Sometimes, the query optimizer makes mistakes. Instead of selecting the most optimal plan, a sub-optimal plan is chosen, and it is your task as a DBA to help SQL choose the right plan. In this case, the optimizer overestimated the selectivity for a WHERE clause, and my solution to this problem was to trick the optimizer into using a clustered index seek instead of a nonclustered index.

This is going to be a short post, since I can only provide partial code. The offending query joined 5 tables, each with millions of records. It had the following WHERE clause:

1 2 |
WHERE [tableA].[columnA] LIKE 'R%NL' AND [tableB].[date] > @date |

The query would run for minutes. Analyzing the execution plan showed that the problem was the estimation of the number of records. Based on its statistics, SQL estimated that the first WHERE clause was the most selective. Therefore, SQL started with an index on this table (the top right operator in the query plan). In reality, however, the second WHERE clause was much more selective.

Looking at the statistics, it was pretty obvious why SQL would think that the date clause was not very selective. This particular table contains years of data, but the query would only need records from the last few hours. The statistics on the table are not that granular (for more info on the granularity of statistics, see this Technet article).

At first glance, it was not so obvious why SQL would think that the first clause (LIKE ‘R%NL’) would be selective. The statistics clearly show that most values start with ‘R%’. This is, however, where SQL makes a mistake. It assumes that the combination of the two filters would be a lot more selective. Updating the statistics doesn’t solve this problem.

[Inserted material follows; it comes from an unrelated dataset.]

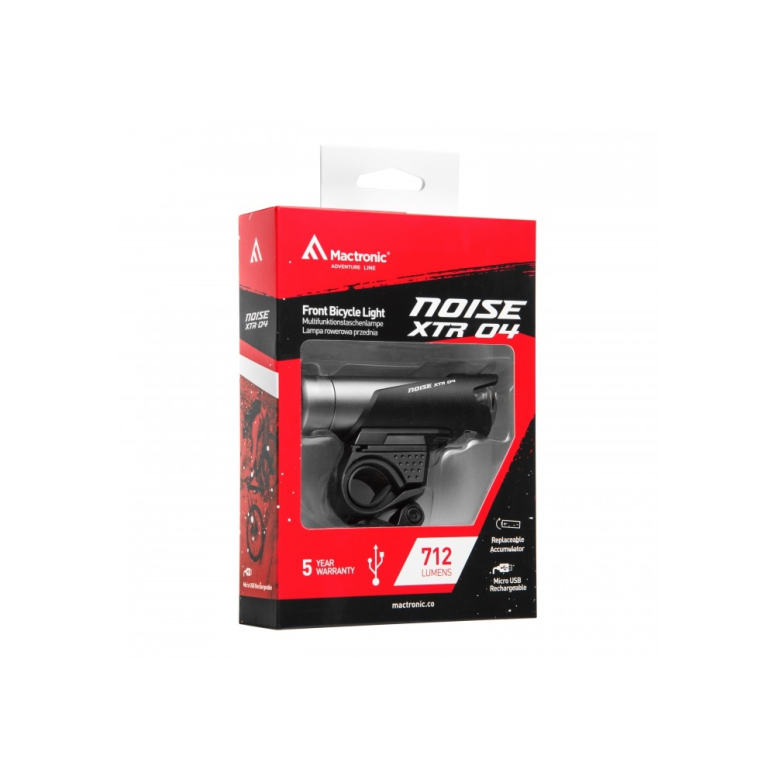 Lampa Rowerowa MACTRONIC Noise XTR 04, 854 lm Lampa Rowerowa MACTRONIC Noise XTR 04, 854 lm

Having found the underlying problem, my first attempt at a solution was to split the first clause:

1 2 3 |
WHERE [tableA].[columnA] LIKE 'R%' AND [tableA].[columnA] LIKE '%NL' AND [tableB].[date] > @date |

That didn’t solve the problem. SQL still estimated that the combination of the filters would be selective enough to start with tableA. The solution I used was to make the clause non-SARGable, by performing an operation on the column:

1 2 3 |
WHERE [tableA].[columnA] LIKE 'R%' AND RIGHT([tableA].[columnA],2) = 'NL' AND [tableB].[date] > @date |

Normally, this is something you should definitely avoid. A non-SARGable filter eliminates the optimizers ability to estimate whether it could use an index to satisfy this query. In this case, it eliminated the optimizers abililty to make the *wrong *estimation! So sometimes, two wrongs make a right!